[BE] Make maybe_aliasing_or_mutating proper tag (#131990)

tugsbayasgalan · pytorchmergebot · commit 11c786dcb59b · 2024-11-24T00:12:49.000Z
For better tracking, we need to make maybe aliasing/mutating ops with proper tag. We need to special case native_batch_norm because it is not a CIA but has a wrong schema. I guess native_batch_norm will be removed at some point, so until then we just keep it around. D60347117 Pull Request resolved: #131990 Approved by: https://github.com/bdhirsh
diff --git a/aten/src/ATen/native/native_functions.yaml b/aten/src/ATen/native/native_functions.yaml
@@ -312,25 +312,25 @@
 - func: _shape_as_tensor(Tensor self) -> Tensor
 
 - func: dropout(Tensor input, float p, bool train) -> Tensor
-  tags: nondeterministic_seeded
+  tags: [nondeterministic_seeded, maybe_aliasing_or_mutating]
 
 - func: dropout_(Tensor(a!) self, float p, bool train) -> Tensor(a!)

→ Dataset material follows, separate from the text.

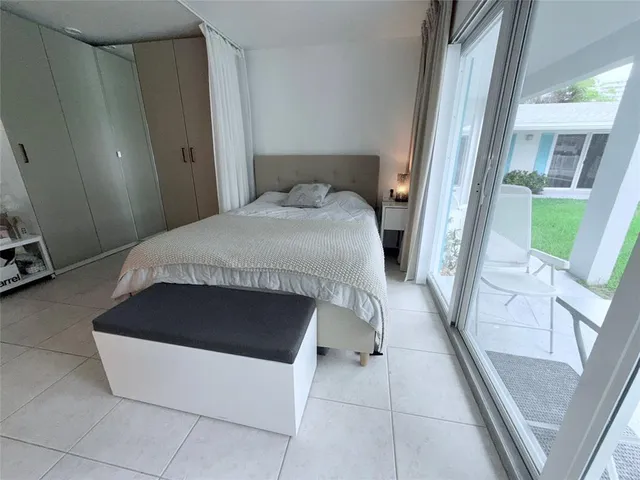 a bedroom with a bed and a large window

   tags: nondeterministic_seeded
 
 - func: feature_dropout(Tensor input, float p, bool train) -> Tensor
-  tags: nondeterministic_seeded
+  tags: [nondeterministic_seeded, maybe_aliasing_or_mutating]
 
 - func: feature_dropout_(Tensor(a!) self, float p, bool train) -> Tensor(a!)

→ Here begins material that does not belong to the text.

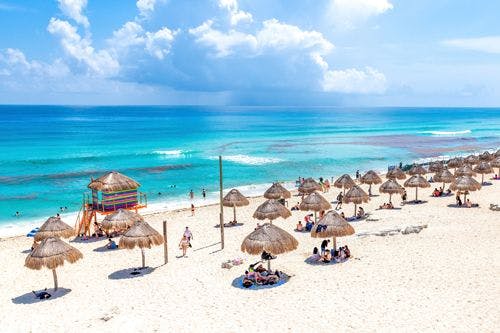 A white sand beach with grass parasols on a Cancun beach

   tags: nondeterministic_seeded
 
 - func: alpha_dropout(Tensor input, float p, bool train) -> Tensor
-  tags: nondeterministic_seeded
+  tags: [nondeterministic_seeded, maybe_aliasing_or_mutating]
 
 - func: alpha_dropout_(Tensor(a!) self, float p, bool train) -> Tensor(a!)
   tags: nondeterministic_seeded
 
 - func: feature_alpha_dropout(Tensor input, float p, bool train) -> Tensor
-  tags: nondeterministic_seeded
+  tags: [nondeterministic_seeded, maybe_aliasing_or_mutating]
 
 - func: feature_alpha_dropout_(Tensor(a!) self, float p, bool train) -> Tensor(a!)

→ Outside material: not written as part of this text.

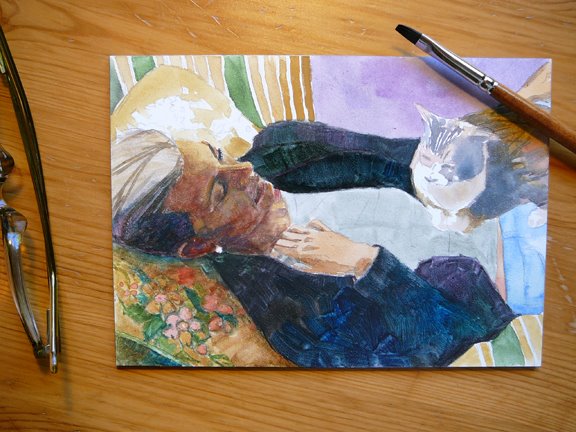 a watercolor of a woman reclining with a cat on her torso in process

   tags: nondeterministic_seeded
@@ -480,7 +480,7 @@
 
 - func: conj_physical(Tensor self) -> Tensor
   variants: function, method
-  tags: pointwise
+  tags: [pointwise, maybe_aliasing_or_mutating]
 
 - func: conj_physical.out(Tensor self, *, Tensor(a!) out) -> Tensor(a!)
   dispatch:
@@ -1035,17 +1035,20 @@
 
 - func: atleast_1d(Tensor self) -> Tensor
   variants: function
+  tags: maybe_aliasing_or_mutating
 
 - func: atleast_1d.Sequence(Tensor[] tensors) -> Tensor[]
 
 - func: atleast_2d(Tensor self) -> Tensor
   variants: function
+  tags: maybe_aliasing_or_mutating
 
 - func: atleast_2d.Sequence(Tensor[] tensors) -> Tensor[]
   variants: function
 
 - func: atleast_3d(Tensor self) -> Tensor
   variants: function
+  tags: maybe_aliasing_or_mutating
 
 - func: atleast_3d.Sequence(Tensor[] tensors) -> Tensor[]
   variants: function
@@ -1079,13 +1082,15 @@
   autogen: bartlett_window.periodic_out
 
 - func: batch_norm(Tensor input, Tensor? weight, Tensor? bias, Tensor? running_mean, Tensor? running_var, bool training, float momentum, float eps, bool cudnn_enabled) -> Tensor
+  tags: maybe_aliasing_or_mutating
 
 - func: quantized_batch_norm(Tensor input, Tensor? weight, Tensor? bias, Tensor mean, Tensor var, float eps, float output_scale, int output_zero_point) -> Tensor
   dispatch:
     QuantizedCPU: quantized_batch_norm
   autogen: quantized_batch_norm.out
 
 - func: _batch_norm_impl_index(Tensor input, Tensor? weight, Tensor? bias, Tensor? running_mean, Tensor? running_var, bool training, float momentum, float eps, bool cudnn_enabled) -> (Tensor, Tensor, Tensor, Tensor, int)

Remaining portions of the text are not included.